**EXERCISE OBJECTIVE**
The response must consist of the lines from the one holding "Акционный каталог 7" through the final line of the entries, given again exactly and without any pictures.

Captioned web images:
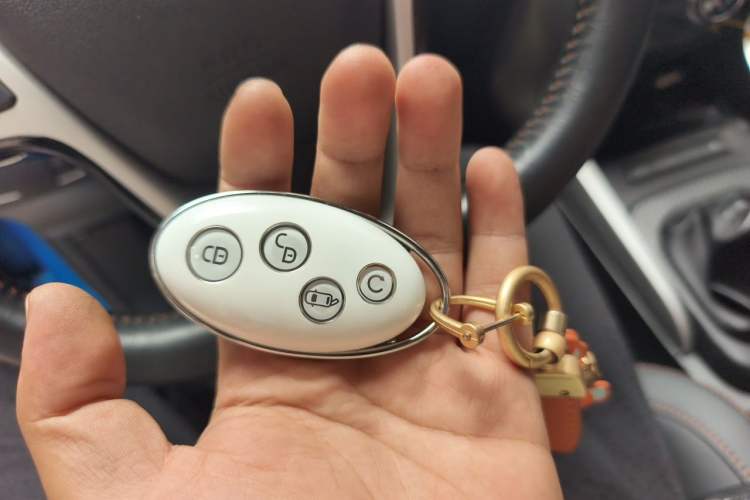 Used BYD Yuan 2016 1.5L Manual Comfort Model Vehicle Key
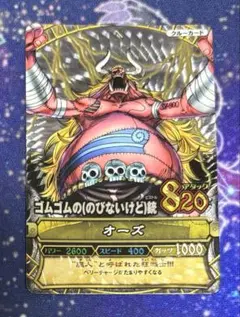 2026年最新】ワンピーベリーマッチ グランドレアの人気アイテム - メルカリ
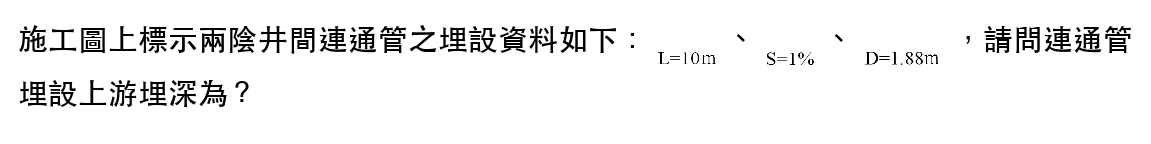 題目圖片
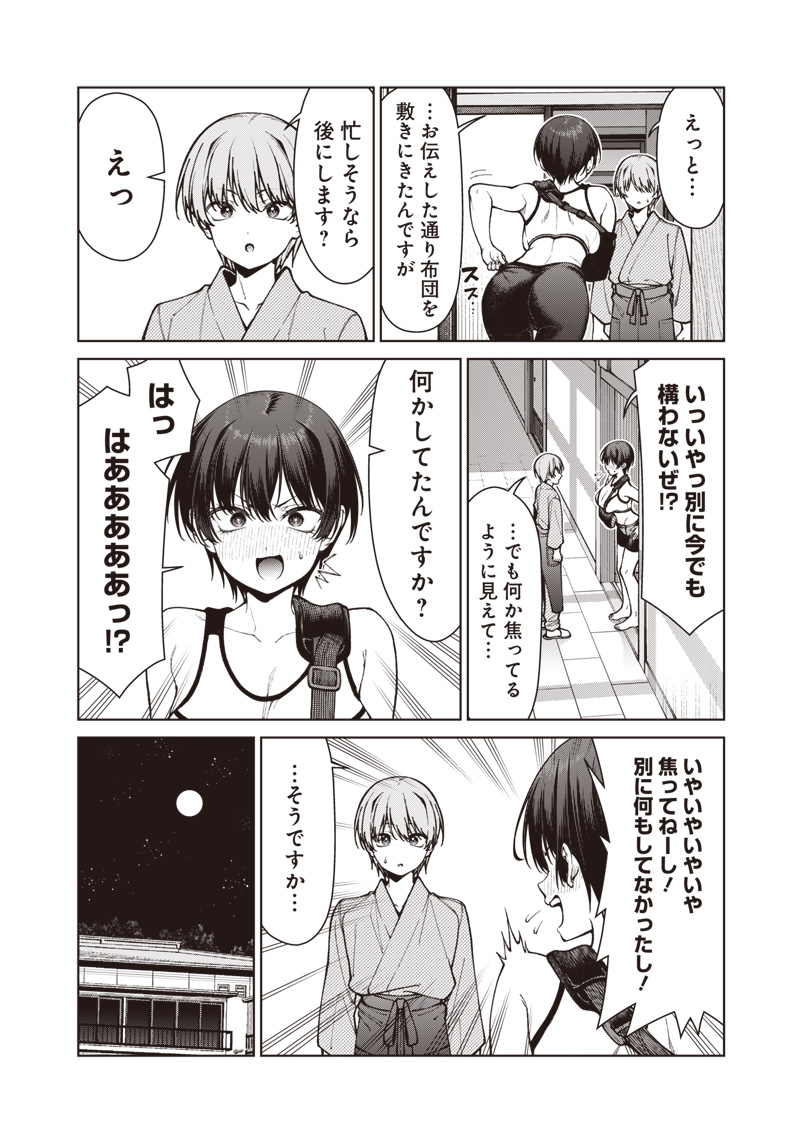 ANATA-TACHI SOREDEMO SENSEI DESU KA! Chap 37.2 - Pic 15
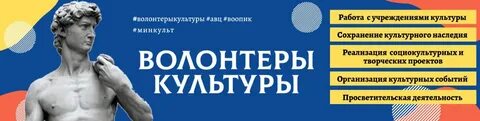 Ано культурных проектов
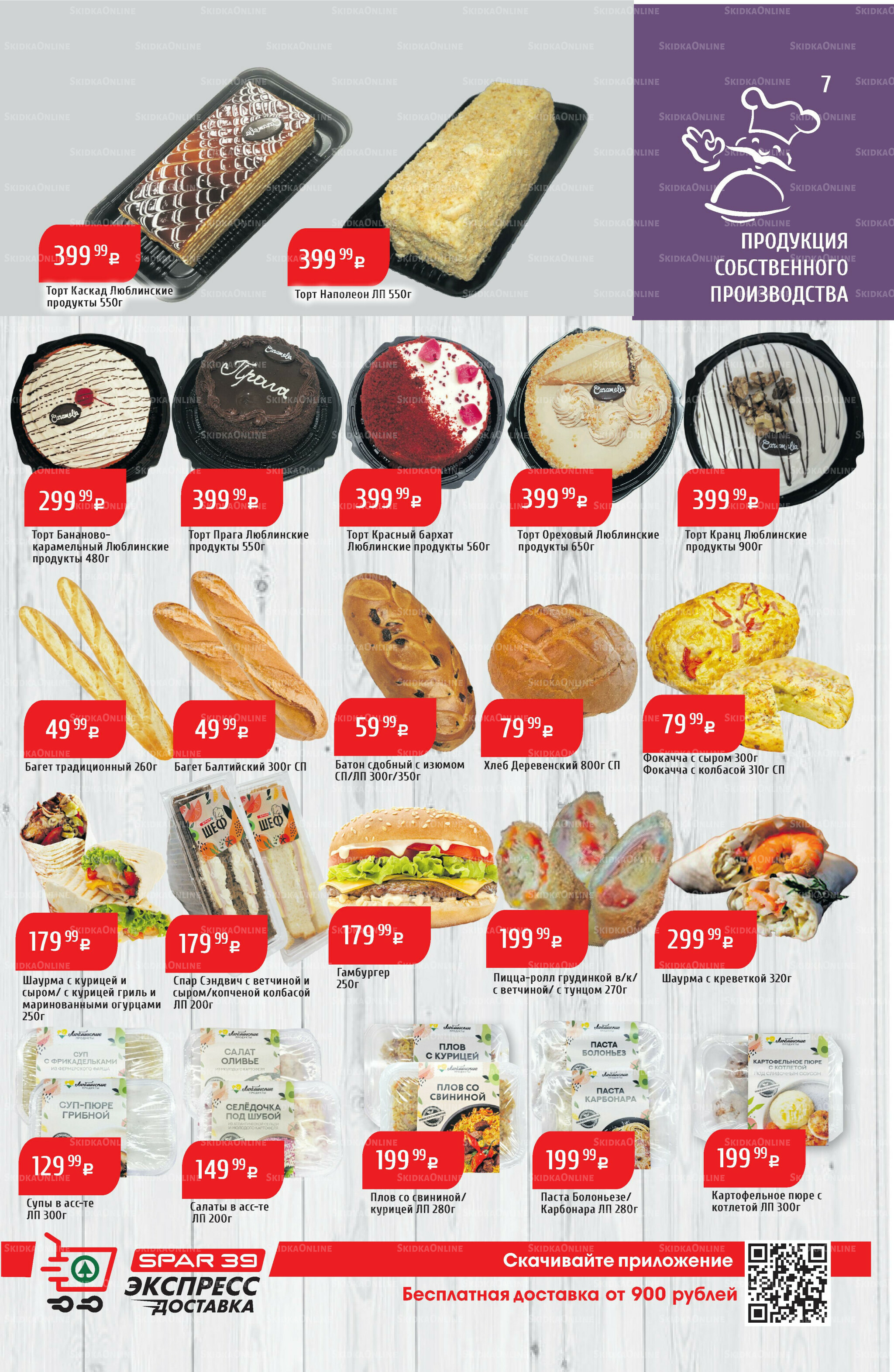 Акционный каталог 7  - 13 Июля 2025 7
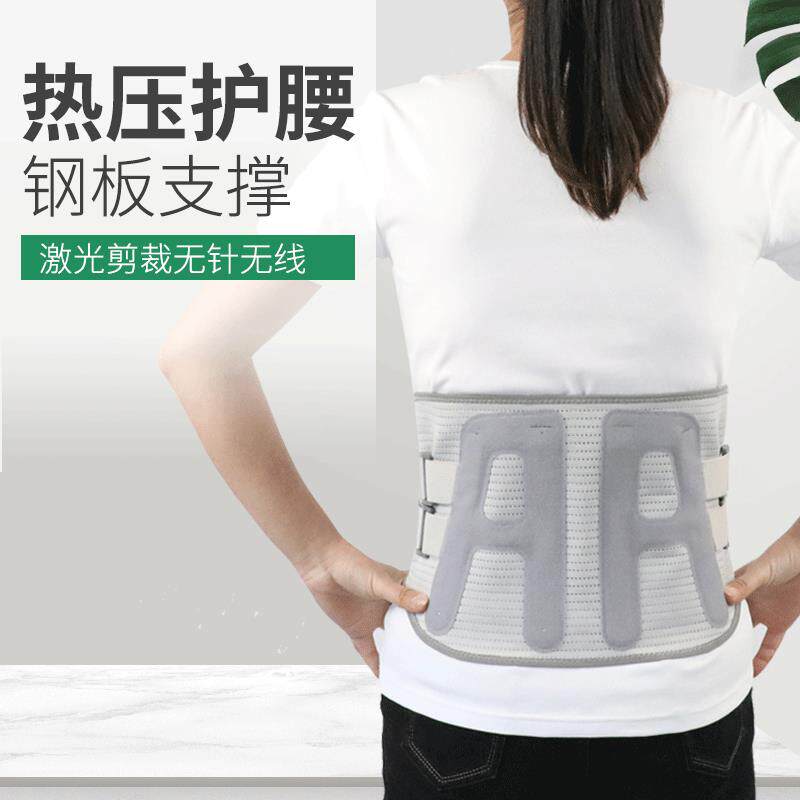 康生缘热压工艺护腰带钢板支撑男女护腰健身护腰腰间盘固定腰托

**OUTPUT OF THE TASK**
 Акционный каталог 7  - 13 Июля 2025 7
 康生缘热压工艺护腰带钢板支撑男女护腰健身护腰腰间盘固定腰托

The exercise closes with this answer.